Securities are classified as non-marketable when it becomes difficult to find a buyer in the market for such securities. These government securities also fall under the purview. The main reason for the issuance is to stable the ownership and the value of the securities. The purchaser of these securities will gain from the difference in purchase value and the face value at maturity.
Characteristics of Non-Marketable Securities
The presence of the following features can characterize it:
- Non-Liquid: Non-marketable securities are highly non-liquid. This implies that these securities cannot be easily bought and sold since they are not traded on secondary stock exchanges, making it challenging to find buyers for them.
- Non-Transferable: Generally, non- marketable securities are non-transferable or transferable only after maturity.
- Low Risk, High Return: As these securities are mostly government-backed, they give higher returns than marketable securities.

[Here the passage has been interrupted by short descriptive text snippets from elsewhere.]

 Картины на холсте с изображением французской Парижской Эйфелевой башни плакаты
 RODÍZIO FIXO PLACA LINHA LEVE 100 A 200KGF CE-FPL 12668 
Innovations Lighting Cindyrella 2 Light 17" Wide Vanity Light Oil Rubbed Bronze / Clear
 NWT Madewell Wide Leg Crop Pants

For the same reason, they carry less risk.
Examples of Non-Marketable Securities
- Saving Bonds: Government saving bonds can only be cashed by the person whose name is on the security documents relating to the original purchase.
- State and Local Government Securities: These consist of a certificate of indebtedness, notes through the treasury marketplace having a maturity of 15 – 40 years.

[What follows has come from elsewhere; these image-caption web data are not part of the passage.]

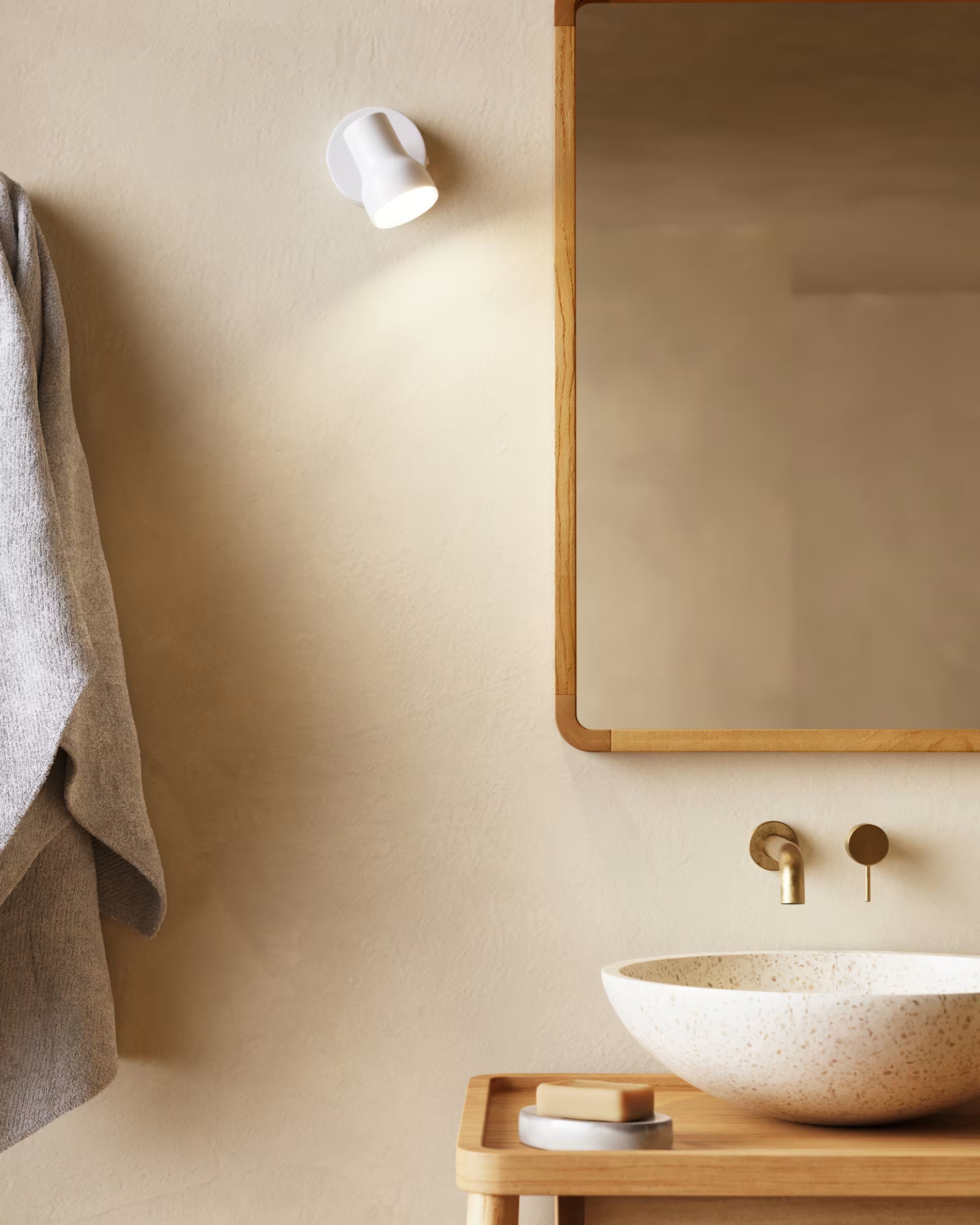 Shamel mirror solid wood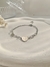Pulseira Maxi Dois Corações em Aço Inoxidável Prata na internet
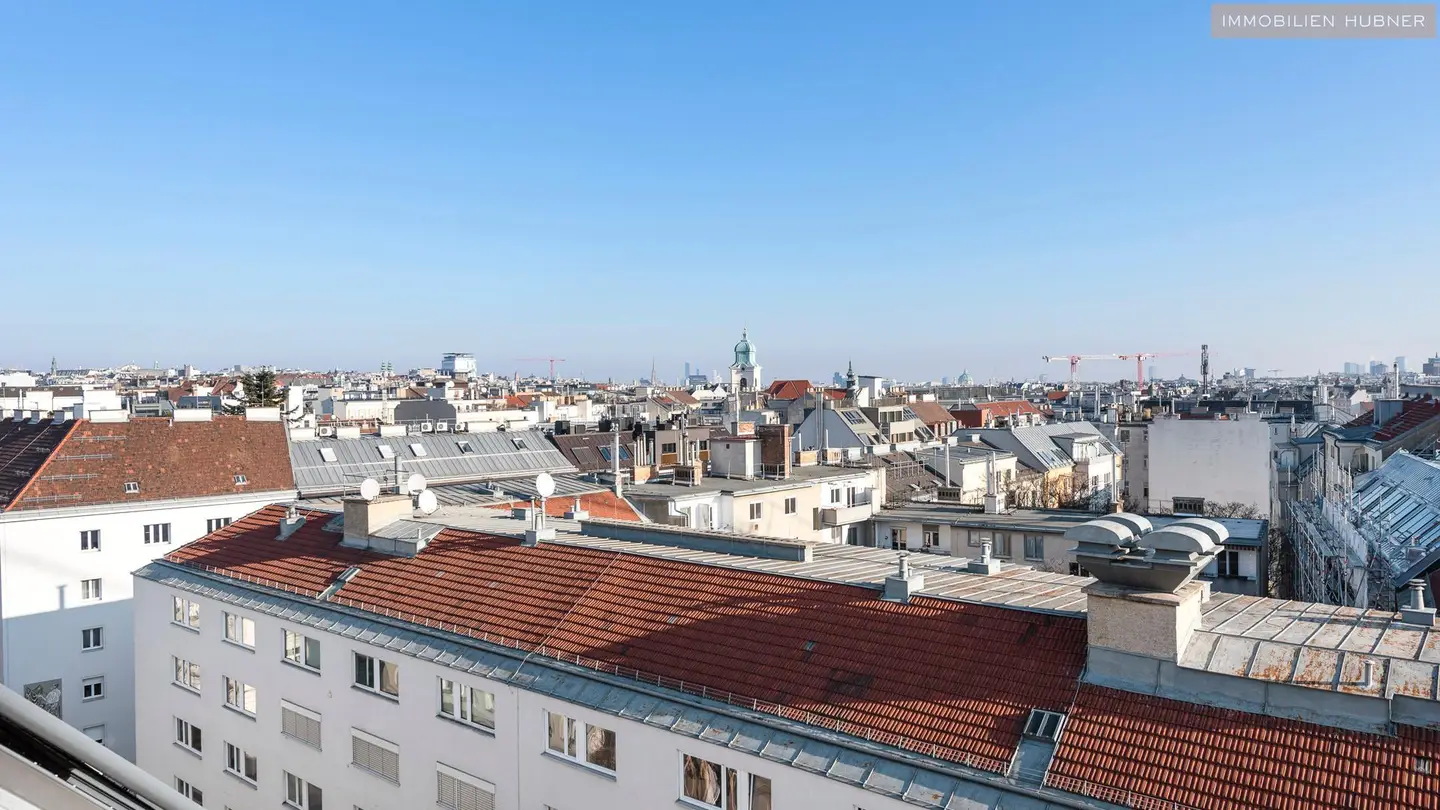 Maisonettewohnung with terrace and skyline view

- Shares in Limited Partnership: Shares of limited partnership fall under the purview due to difficulty in finding buyers for these securities for reselling purposes.
- Bank and Post Office Accounts: Bank and post office accounts are the most basic examples of non-marketable investments as they are non-transferable and non-marketable in nature.
Marketable vs Non-Marketable Securities
Marketable Securities |
Non-Marketable Securities |
They can be freely traded in the secondary market. | Certain restrictions impose limitations on the free trading of non-marketable investment securities in the secondary market. |
Marketable securities have both market value, which fluctuates as per the demand in the market for the particular security, and intrinsic or book value. | They are not actively traded on the secondary market, which means they do not possess a market value. Instead, these securities are typically evaluated based on their intrinsic value. |
They carry a high level of risk, and their return is subject to market fluctuation. | They carry a low level of risk, and the return is generally higher. |
Benefits of Non-Marketable Securities
- They provide a guaranteed rate of return.
- The return is generally higher than marketable securities. Further, due to the guaranteed rate of return, they carry low risk.
- It remain unaffected by volatility fluctuations resulting from changes in market demand because they are not traded on the secondary market.
- This lack of market trading shields these securities from price swings and speculative influences.
Drawbacks of Non-Marketable Securities
- They are highly non-liquid, so an investor with a quick need for cash will find these securities useless for his circumstances.
- Generally, these securities have guaranteed returns, which also means an opportunity loss would not provide a higher rate of return in case of good market conditions. On the other hand, marketable securities will provide a higher return in case of improved market conditions.
Conclusion
An investor should consider his circumstances, such as whether they want liquidity in the near future or guaranteed return in the long term. It also depends upon the risk appetite of the investors. When making investment decisions, it is important to consider multiple combinations of investment objectives or factors.